[Given records]
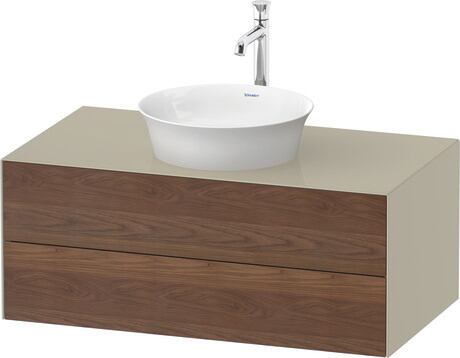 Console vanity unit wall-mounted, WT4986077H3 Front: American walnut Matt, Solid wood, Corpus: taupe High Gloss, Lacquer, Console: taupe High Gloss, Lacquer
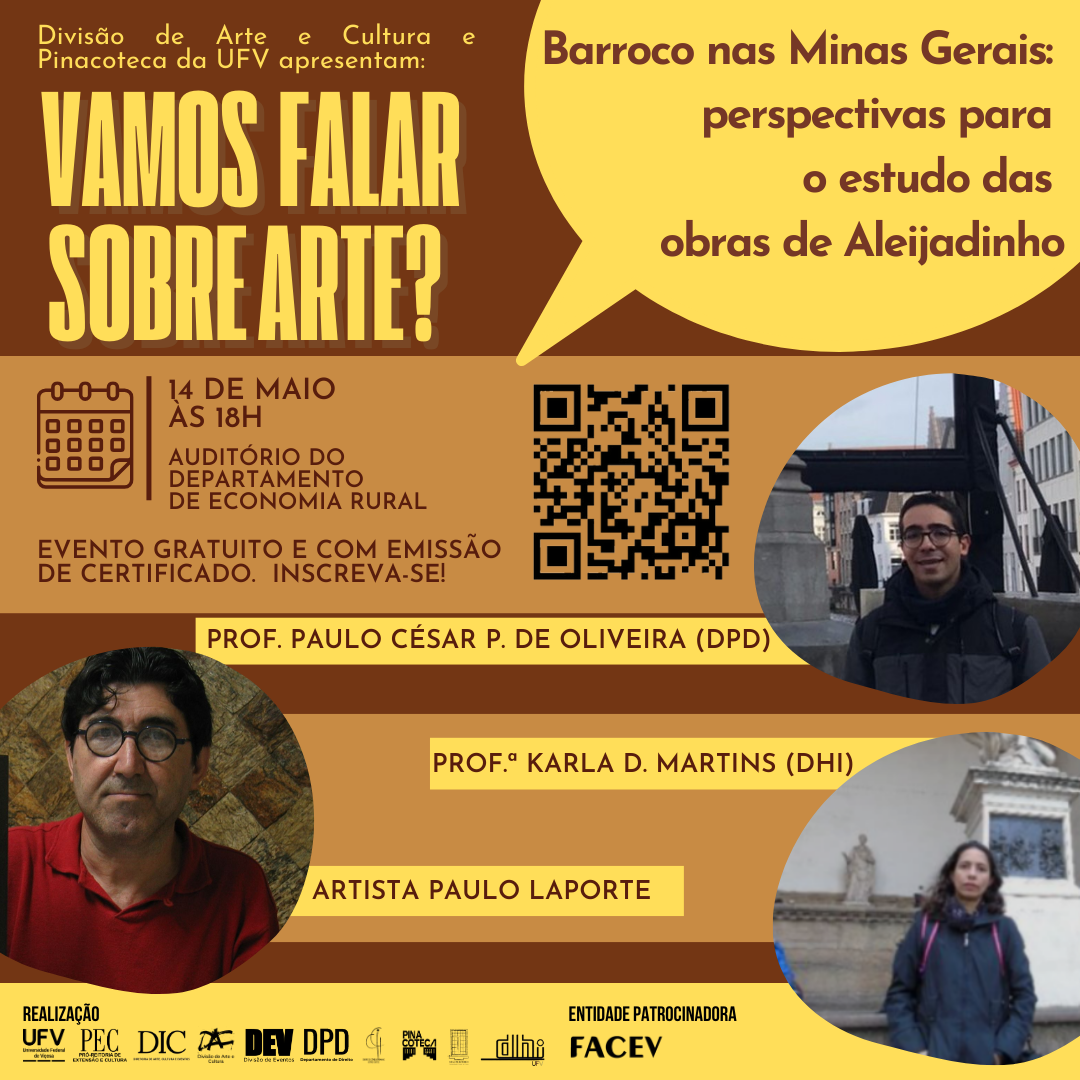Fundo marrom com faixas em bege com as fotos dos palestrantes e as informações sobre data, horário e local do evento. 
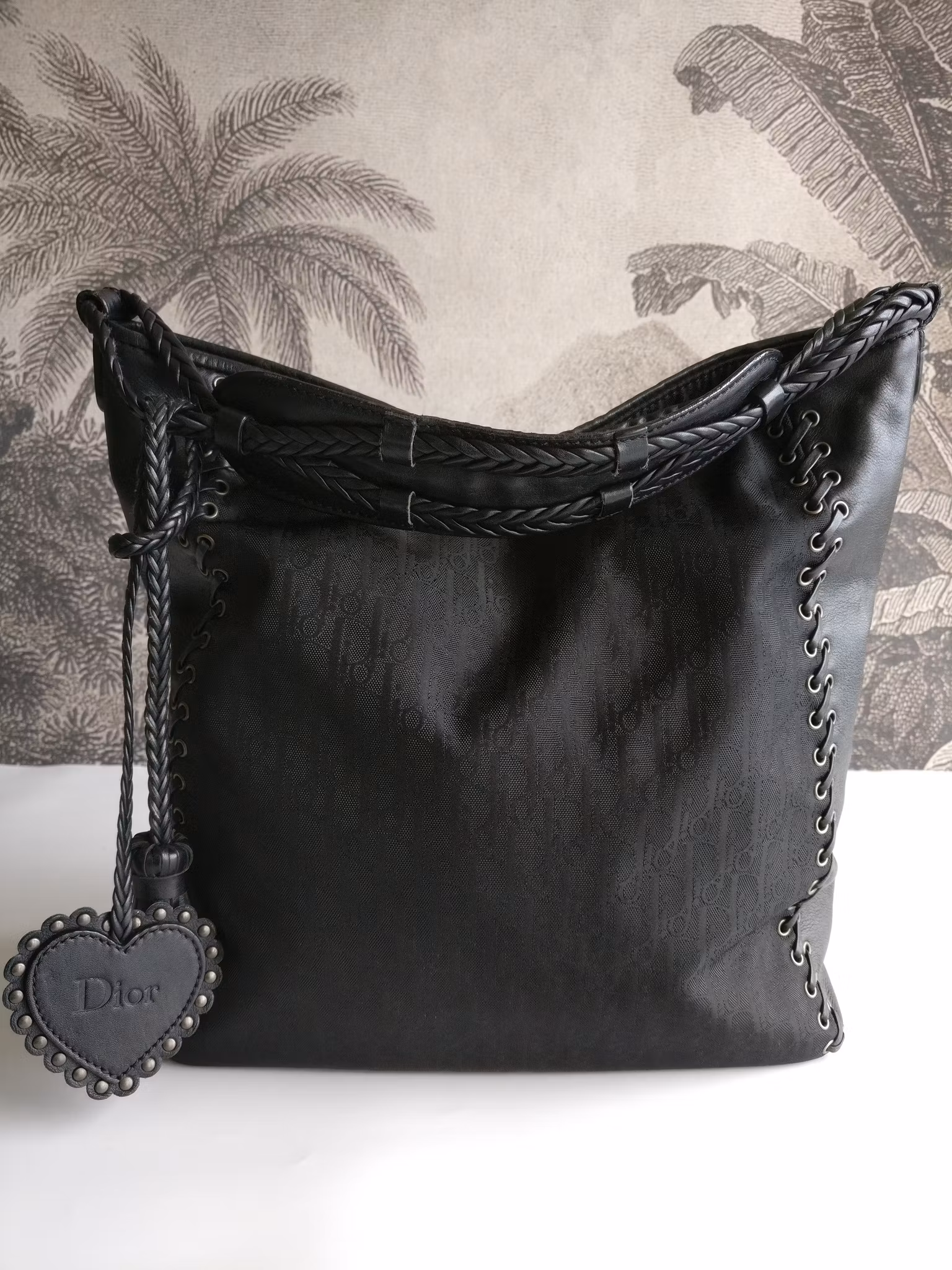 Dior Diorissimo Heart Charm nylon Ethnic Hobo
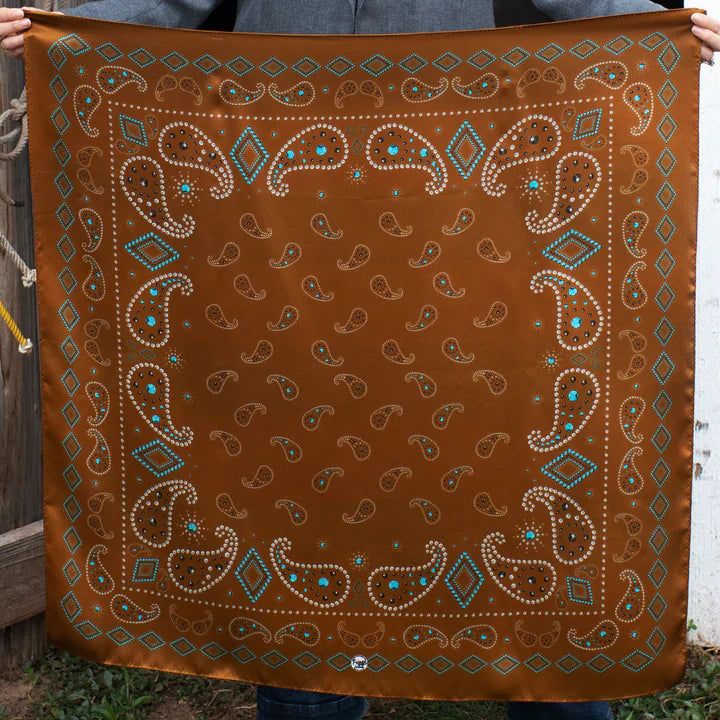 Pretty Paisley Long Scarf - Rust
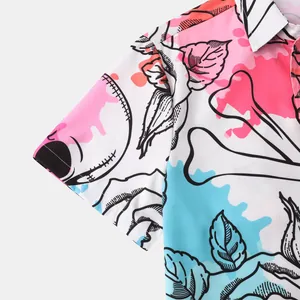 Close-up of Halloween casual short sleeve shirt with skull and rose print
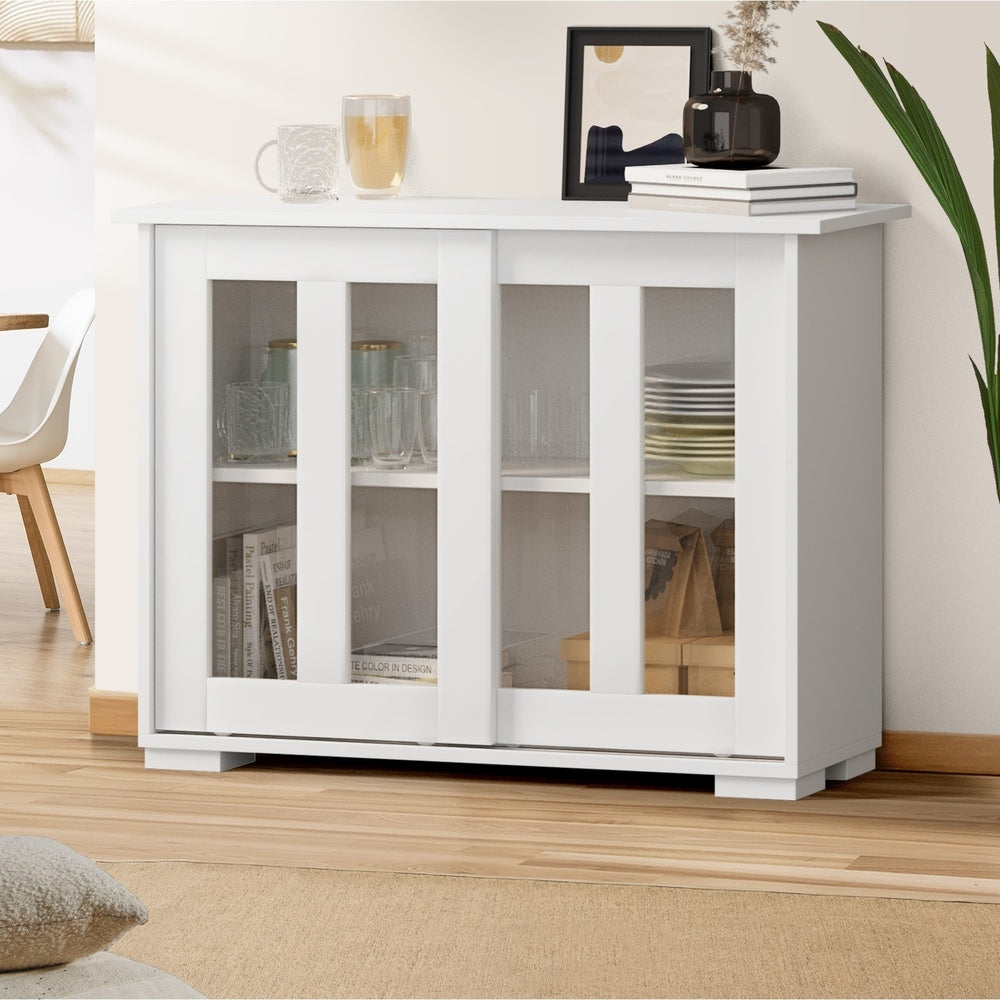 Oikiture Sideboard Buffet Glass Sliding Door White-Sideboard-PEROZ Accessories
[/Given records]
■ **Your assignment**
Keep out the pictures, and copy exactly the lines from the one that contains "Close-up of Halloween" through the final line of the records above, both ends included.

■ **Result below**
 Close-up of Halloween casual short sleeve shirt with skull and rose print
 Oikiture Sideboard Buffet Glass Sliding Door White-Sideboard-PEROZ Accessories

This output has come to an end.